Pullman small business resources: the missing first step
Here’s the honest truth: a lot of people don’t need a 12-week program yet.
They need one Saturday.
In other words, they (YOU) need a low-risk way to find out if their idea actually works with real customers. They need confidence, clarity, and proof of demand, before they invest in branding, inventory, packaging, equipment, or a lease.
That’s what Pullman Market on Main is: the first step that’s been missing.
Pullman, if you’ve ever thought “would my idea work?” this is your test
If you’ve been sitting on an idea for months (or years), you don’t need more time. You need a test.
Pullman Market on Main can be your test kitchen, your storefront prototype, your focus group, your confidence builder, and your proof-of-demand engine, all in one place.
Show up on Saturday. Walk the market. Picture your table there.
Then let’s turn “maybe someday” into “we’re open.”
Vendor Signup
Pullman Market On Main website
FAQ: Pullman Entrepreneurship at Market on Main
How do I become a vendor at Pullman Market on Main?
Start simple: Email us or use our vendor signup form. We’ll ask what you’re selling, what setup you need, and what dates you want. If you’re brand new, we’ll help you plan a “first market” version that’s realistic and not a full Broadway production.
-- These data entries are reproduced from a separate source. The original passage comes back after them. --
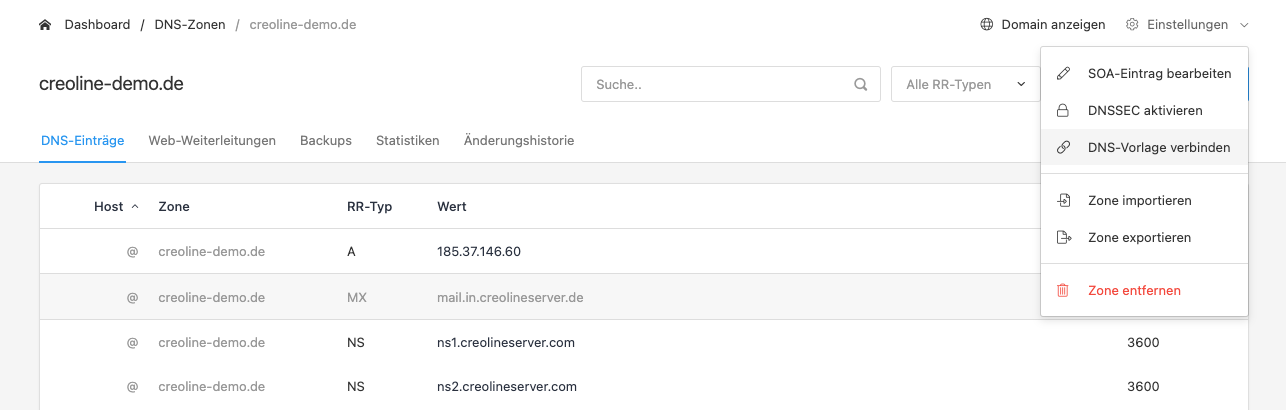 Connect DNS zone to a DNS template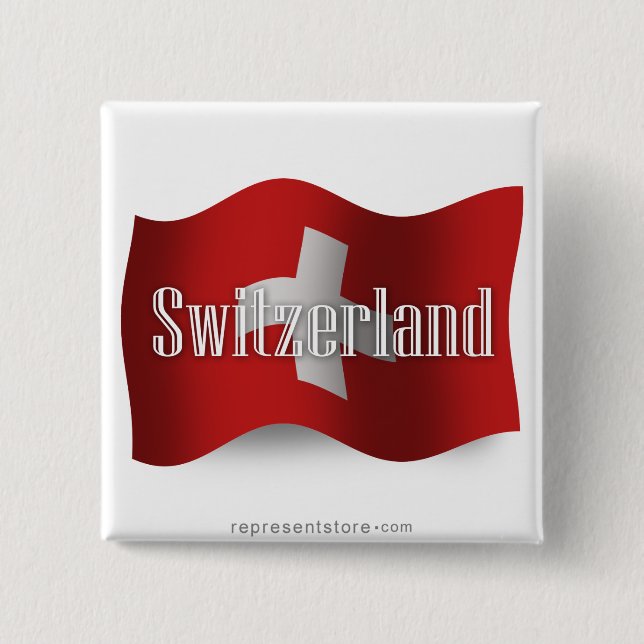 Switzerland Waving Flag Pinback Button (Front)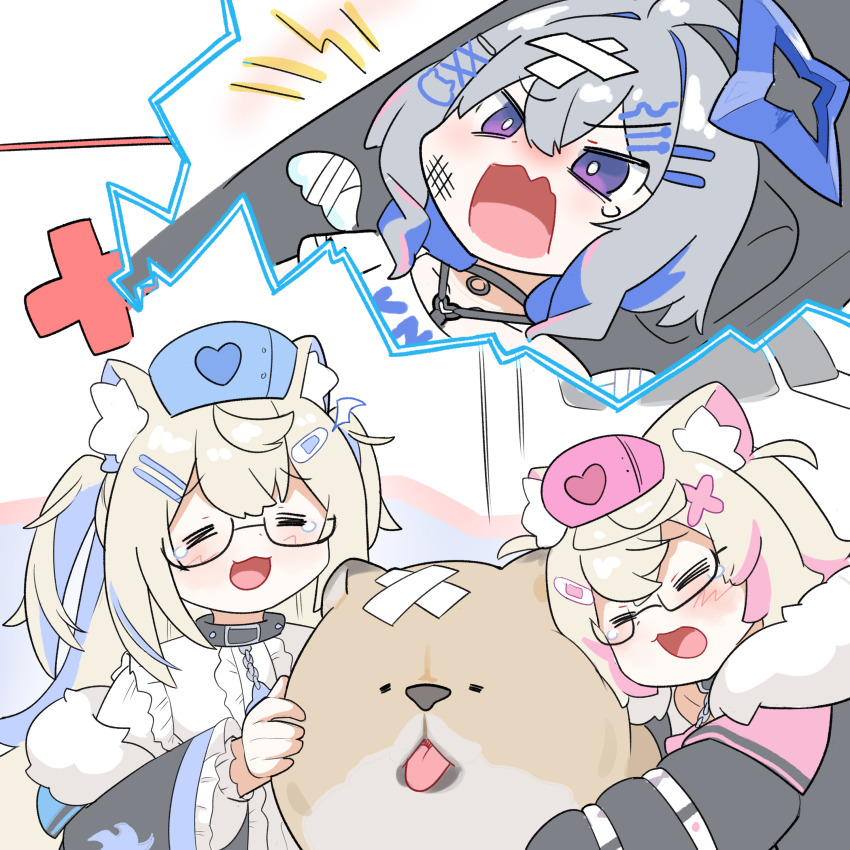 3girls =_= absurdres ahoge amane_kanata amane_kanata_(punk_rock) ambulance angel angel_wings angry animal_collar animal_ears bandages black_choker black_jacket blonde_hair blush choker chow_chow collar dog dog_ears dog_girl fuwawa_abyssgard fuwawa_abyssgard_(1st_costume) grey_hair hair_ornament hairclip hand_on_another&#039;s_face happy hat highres hololive hololive_english hololive_grand_theft_auto hug jacket lying mococo_abyssgard mococo_abyssgard_(1st_costume) motor_vehicle multicolored_hair multiple_girls nurse_cap on_back open_mouth purple_eyes relief shouting siblings sisters smile snowmya streaked_hair tears tongue tongue_out twins virtual_youtuber wings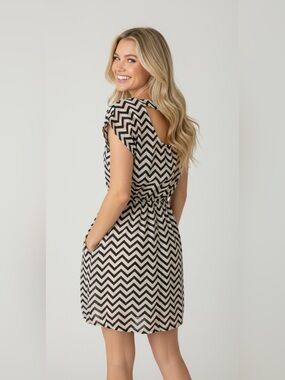 Pink Rose Chevron Cut-Out Mini Dress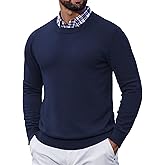 COOFANDY Mens Crewneck Sweater Pullover Knit Sweater Lightweight Sweaters with Ribbing Edge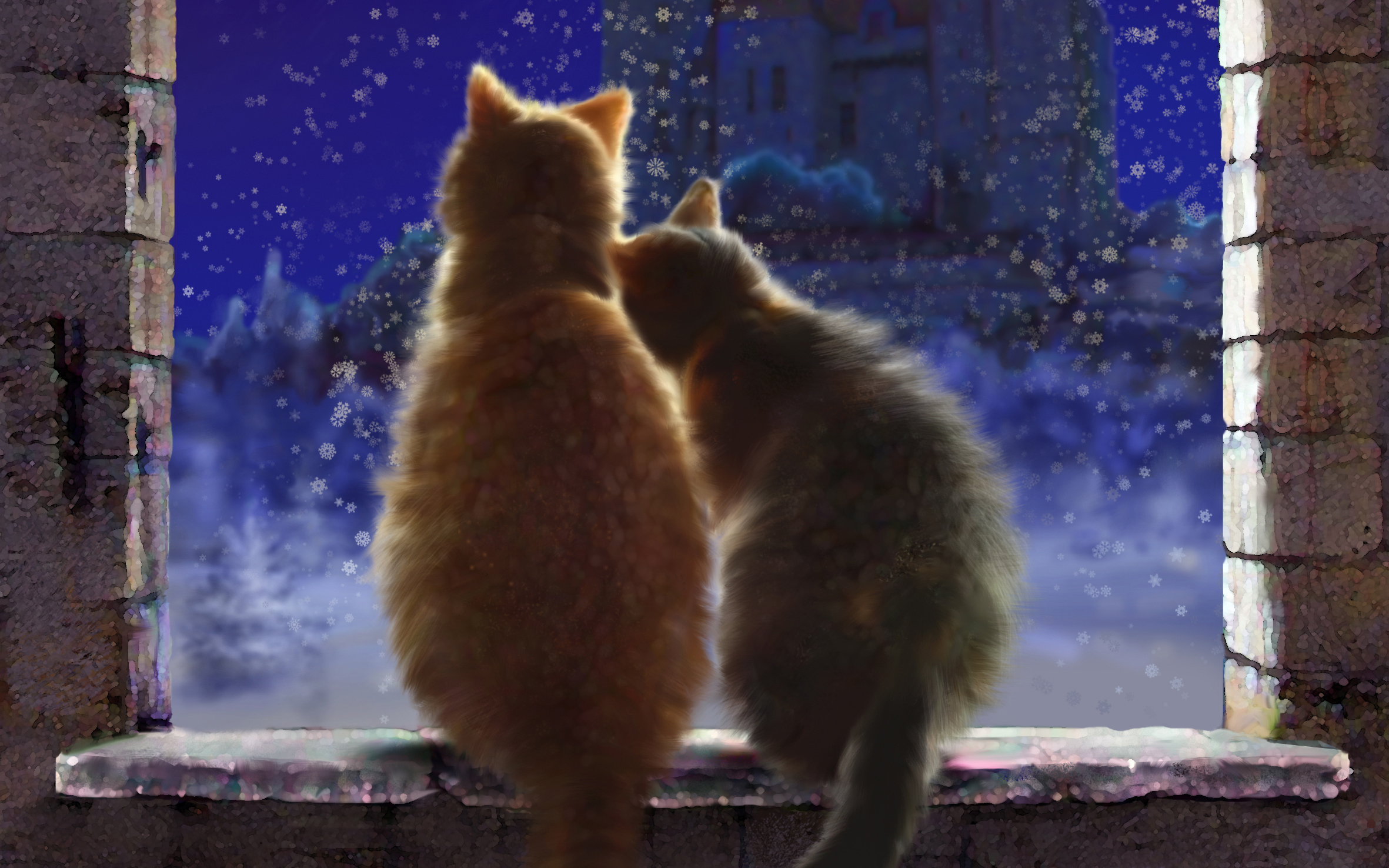 Free download Art cat couple love winter window sill castle night snowflakes [2362x1476] for your Desktop, Mobile & Tablet. Explore Winter Kitten Wallpaper. Computer Wallpaper Background Winter, Kittens Wallpaper
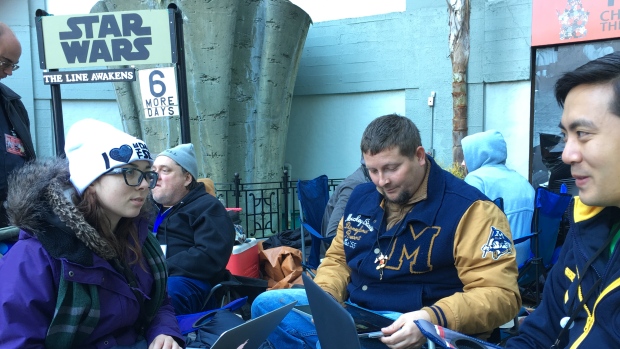 These Star Wars fans have been camping out for a week outside Hollywood's Chinese Theater for the best seats at a Dec. 17 screening of the latest Star Wars film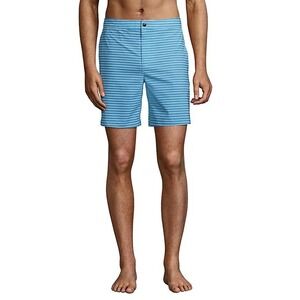 New Lands End 7" Sunset Swim Board Shorts Blue Stripe Size XL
Do I need an LLC to sell at the market?
Usually, no. An LLC can be helpful for liability and structure, but it’s not a requirement to test an idea. In Washington, an LLC is something you may form, not something you must form to do business. That said: depending on what you’re selling and how you’re operating, you may still need a WA business license (see next question).
Do I need a Washington business license (UBI)?
Often, yes, especially if you’re selling goods to the public under a business name. Washington’s Department of Revenue says you need to register/get a business license if you meet any of several conditions, including:
- Using a name other than your full legal name
- Collecting sales tax
- Gross income of $12,000+ per year
- Needing city/state endorsements, etc.
Practical translation: if you’re selling most products at a market (and branding it as anything other than “Your Full Legal Name”), plan on getting licensed, and we can help you understand what applies.
Can PMOM help me set up an LLC or business basics?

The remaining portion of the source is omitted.